╭──

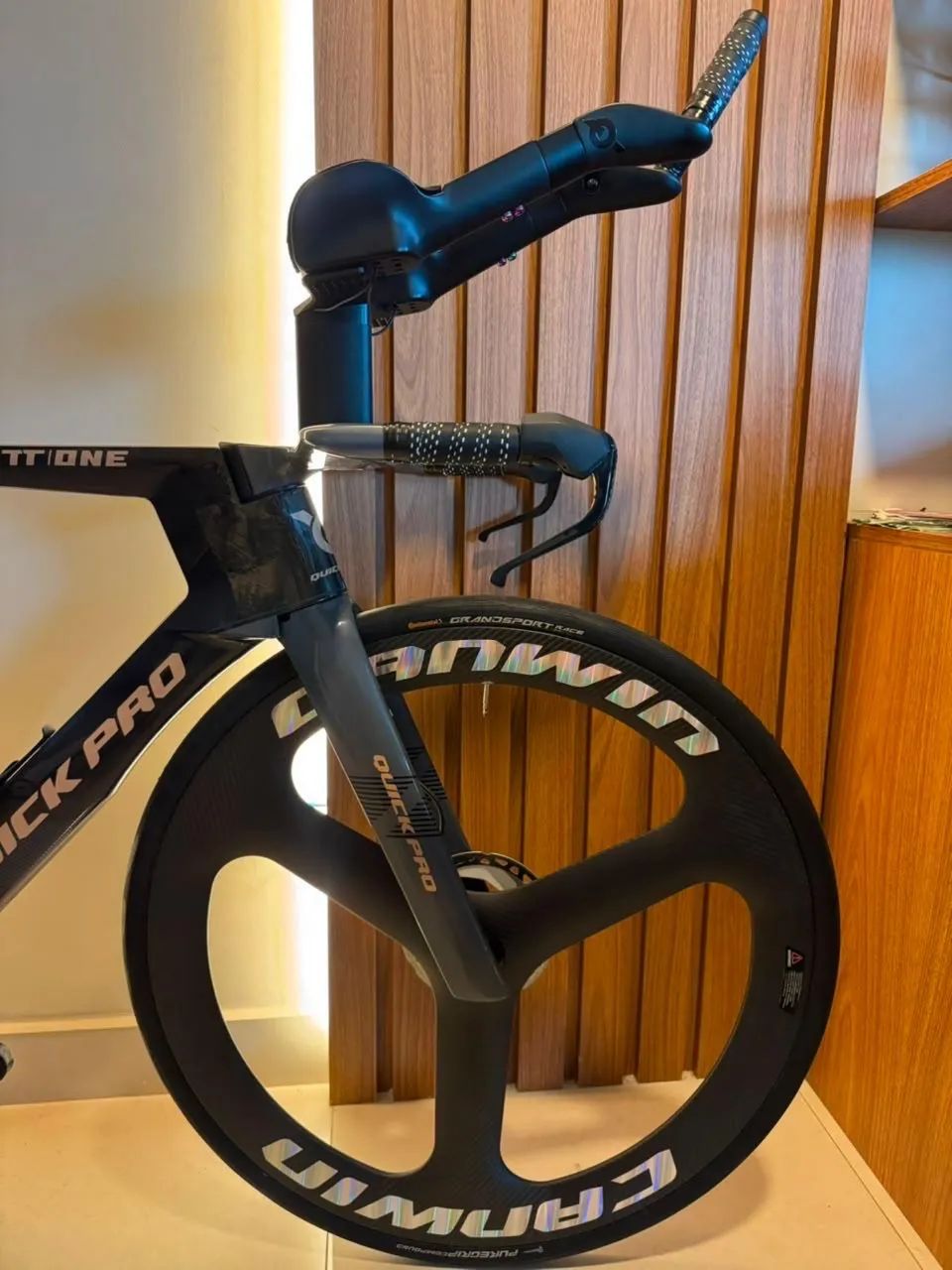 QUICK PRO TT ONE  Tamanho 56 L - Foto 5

╰──
╭──

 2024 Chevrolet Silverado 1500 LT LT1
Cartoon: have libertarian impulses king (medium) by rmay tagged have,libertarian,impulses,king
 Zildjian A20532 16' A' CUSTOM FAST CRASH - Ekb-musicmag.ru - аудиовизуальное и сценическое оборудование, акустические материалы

╰──
╭──

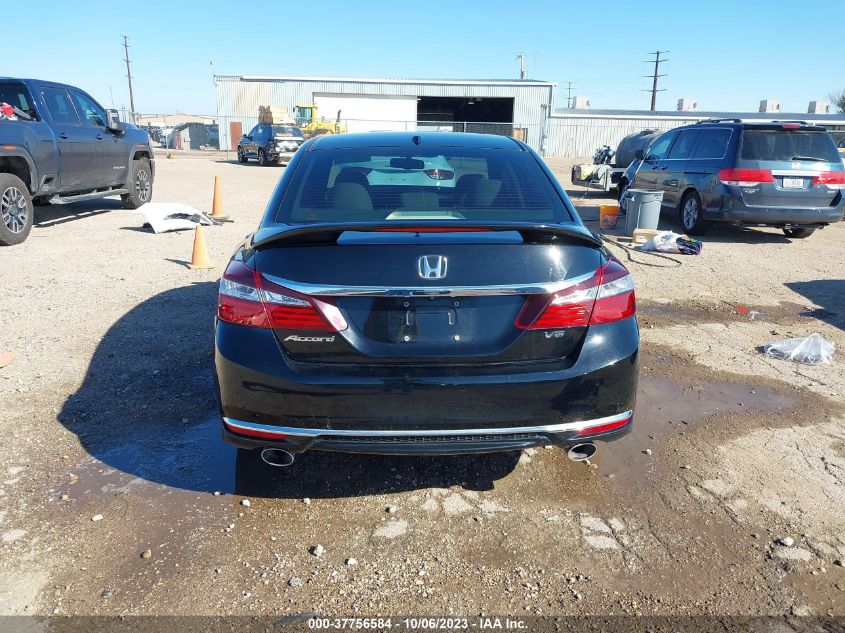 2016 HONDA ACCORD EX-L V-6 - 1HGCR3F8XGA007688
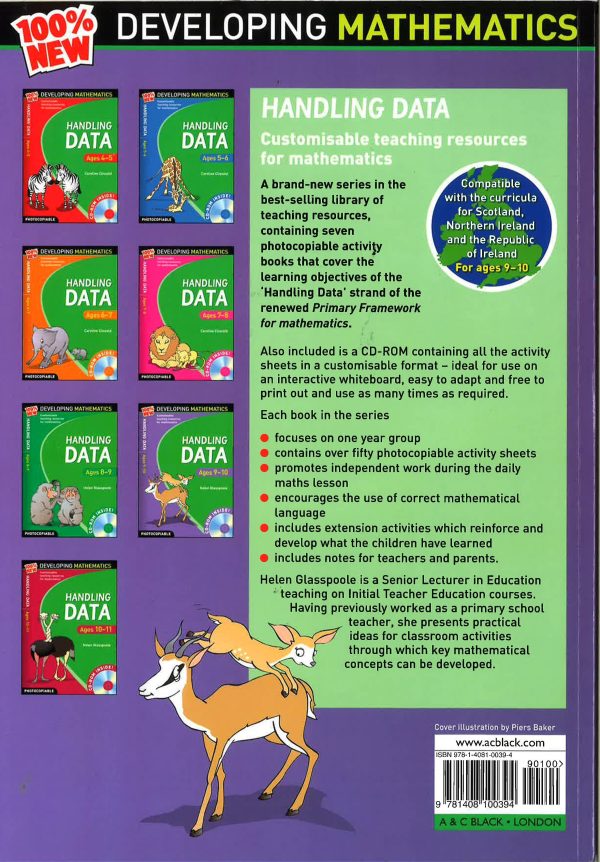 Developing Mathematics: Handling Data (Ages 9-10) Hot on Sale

╰──

Your instructions:
Starting at the line with "2016 HONDA ACCORD" in the entries above, write out every line exactly until the line with "Developing Mathematics: Handling" has been written. Include no pictures and nothing more.

Output of the task:
 2016 HONDA ACCORD EX-L V-6 - 1HGCR3F8XGA007688
 Developing Mathematics: Handling Data (Ages 9-10) Hot on Sale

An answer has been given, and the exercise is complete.